A – L’hypothèse des SPA
Pour être administratif, l’acte unilatéral d’une personne privée gérant un SPA doit se
rattacher à la mission de service public de l’organisme (1) et traduire la mise en œuvre de
prérogatives de puissance publique (2). Ce principe bénéficie tant aux actes règlementaires qu’aux
actes individuels (3).
Ces deux conditions, qui présentent un caractère cumulatif, ont été, initialement, posées par
deux arrêts : CE, ass., 31/07/1942 , Monpeurt; CE, ass., 02/04/1943, Bouguen. Ceux-ci s’avéraient,
cependant, insuffisants en raison des incertitudes entourant la nature publique ou privée des
organismes en cause dans ces affaires et de l’absence de référence explicite à l’exigence de mise en
œuvre de prérogatives de puissance publique.
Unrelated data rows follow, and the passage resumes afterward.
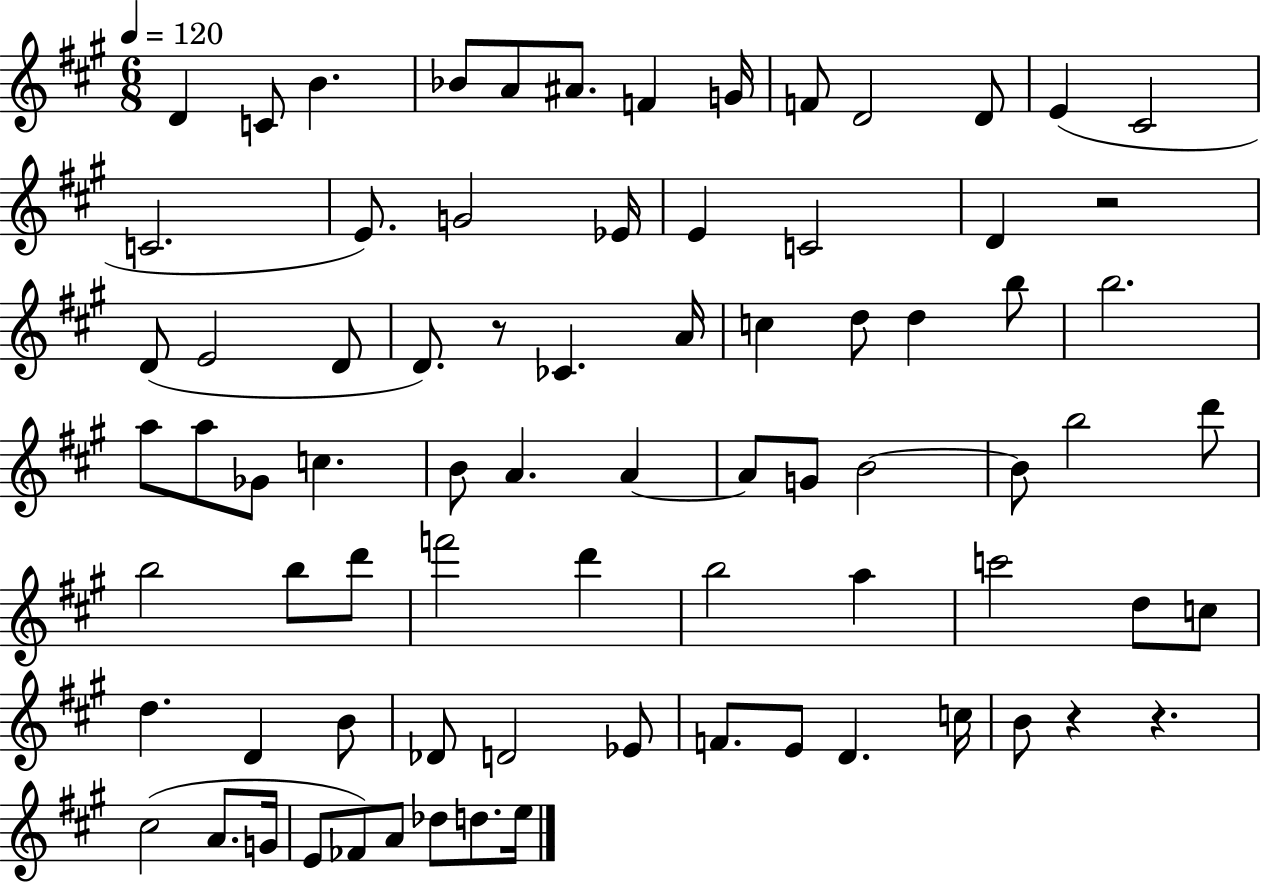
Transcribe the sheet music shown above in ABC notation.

X:1
T:Untitled
M:6/8
L:1/4
K:A
D C/2 B _B/2 A/2 ^A/2 F G/4 F/2 D2 D/2 E ^C2 C2 E/2 G2 _E/4 E C2 D z2 D/2 E2 D/2 D/2 z/2 _C A/4 c d/2 d b/2 b2 a/2 a/2 _G/2 c B/2 A A A/2 G/2 B2 B/2 b2 d'/2 b2 b/2 d'/2 f'2 d' b2 a c'2 d/2 c/2 d D B/2 _D/2 D2 _E/2 F/2 E/2 D c/4 B/2 z z ^c2 A/2 G/4 E/2 _F/2 A/2 _d/2 d/2 e/4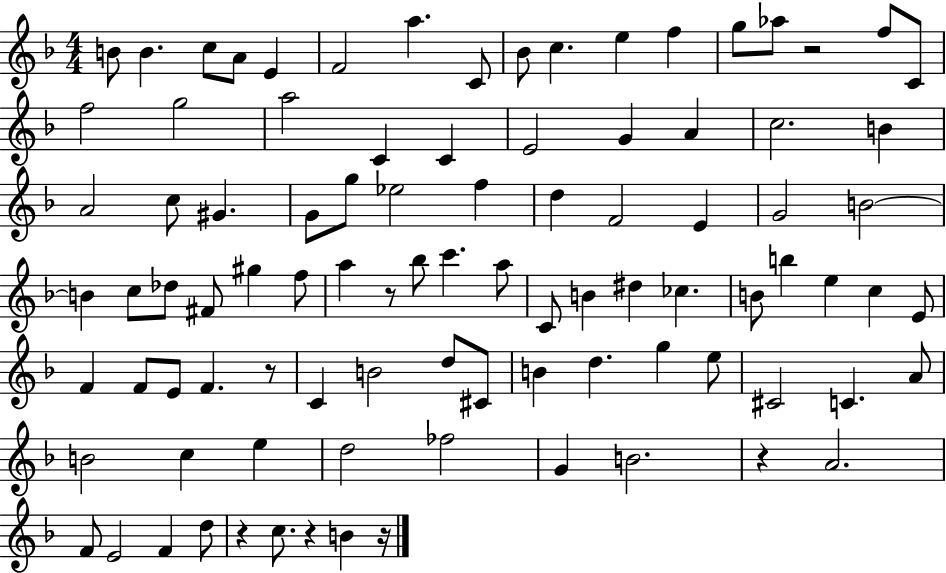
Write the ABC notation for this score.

Il faudra attendre l’arrêt Magnier (CE, sect.,
13/01/1961) pour que les règles applicables en la matière soient figées avec suffisamment de
certitudes.
1 – Un acte qui se rattache à la mission de SPA
En posant cette condition, l’arrêt Magnier confirme le rôle central et historique de la notion
de service public lorsqu’il s’agit de délimiter le champ d’application du droit administratif et de la
compétence du juge administratif (voir l’arrêt fondateur : TC, 08/02/1873, Blanco).
Contrairement à la jurisprudence sur les SPIC, le lien avec la mission de service public est ici
apprécié de manière assez large. En effet, ce critère est considéré comme satisfait aussi bien lorsque
l’acte touche à son organisation que lorsqu’il contribue à son exécution, ce qui est, là, une exigence
moindre. Il suffit, ainsi, plus généralement, que l’acte soit accompli dans l’exercice d’une mission de
service public.
Pour autant, la portée de cette jurisprudence n’est pas illimitée. En effet, toutes les décisions
afférentes au fonctionnement interne, telles que celles relatives aux rapports avec le personnel,
restent des décisions purement privées relevant de la compétence des juridictions judiciaires, le juge
considérant, ici, que le pouvoir de décision n’est pas mis en œuvre au titre de l’exécution du service
public, mais des rapports internes à l’institution.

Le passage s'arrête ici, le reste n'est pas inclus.